In the stria vascularis (SV), it is known that the Na(+)-K(+)-ATPase is expressed abundantly and its activity in the basolateral membrane of marginal cells is high. Ouabain, an inhibitor of the Na(+)-K(+)-ATPase, causes not only a decline in the endocochlear DC potential but also acute vacuolar formation in marginal cells. We studied the ionic mechanisms underlying the ouabain-induced vacuolar formation in marginal cells using perilymphatic perfusion in guinea pigs. Perilymphatic perfusion with 1 mM ouabain dissolved in the artificial perilymph for 50 min caused many vacuoles of a wide range of sizes in the apical cytoplasm of marginal cells, the bulging of marginal cells into the scala media and strial volume increase. Removal of K(+) from the perilymph reduced the proportion of vacuoles and strial thickening, but the bulging of marginal cells remained. In contrast, the sizes of vacuoles were drastically reduced and extrusion of marginal cells into the scala media could not be observed in the absence of perilymphatic Na(+). Furthermore, the total volume of SV was obviously reduced in comparison with the control.
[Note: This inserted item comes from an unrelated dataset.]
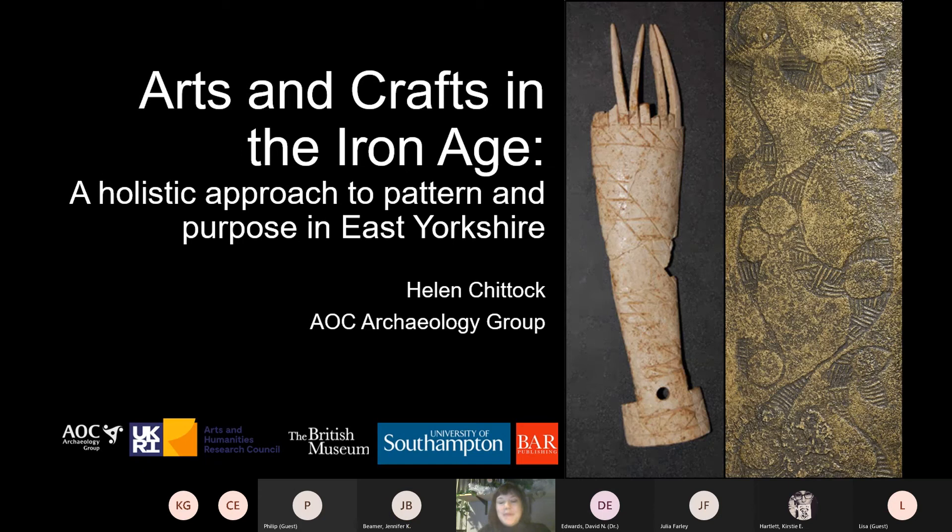Thank you very much, and thanks for the introduction, Jen, and thanks also for inviting me along — I'm really grateful for the opportunity to come and speak to you all. My name is Helen and I work for AOC Archaeology Group as a project officer in the post-excavation department, where my role involves working with finds, writing reports and publications. But before I took up this role, I carried out doctoral work on Iron Age decorative practices and I still keep up this research work whenever I can in all my spare time, and that is what I'm going to be talking about today.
These results indicate that perilymphatic Na(+) and K(+) are responsible for these morphological changes caused by ouabain, and that perilymphatic Na(+) plays an important role in the cellular volume regulation in SV in the presence of ouabain. It is supposed that the transport system of perilymphatic Na(+) and K(+) into marginal cells may contribute to vacuolar formation when ouabain is administered. Regarding Na(+), we hypothesize two possibilities for the perilymphatic Na(+) transporting pathway as follows. Na(+) in the perilymph could enter the endolymph via Reissner's membrane or the basilar membrane; Na(+) in the endolymph would then be taken up by marginal cells via the apical membrane and secreted into the intrastrial space by Na(+)-K(+)-ATPase in the basolateral membrane. Another, less likely, possibility is that Na(+) in the perilymph is transported into basal cells or fibrocytes in the spiral ligament, then into intermediate cells via gap junctions, and finally secreted into the intrastrial space via Na(+)-K(+)-ATPase of intermediate cells. Regarding K(+), it is expected that the K(+) recycling pathway plays a role in ouabain-induced vacuolar formation in marginal cells.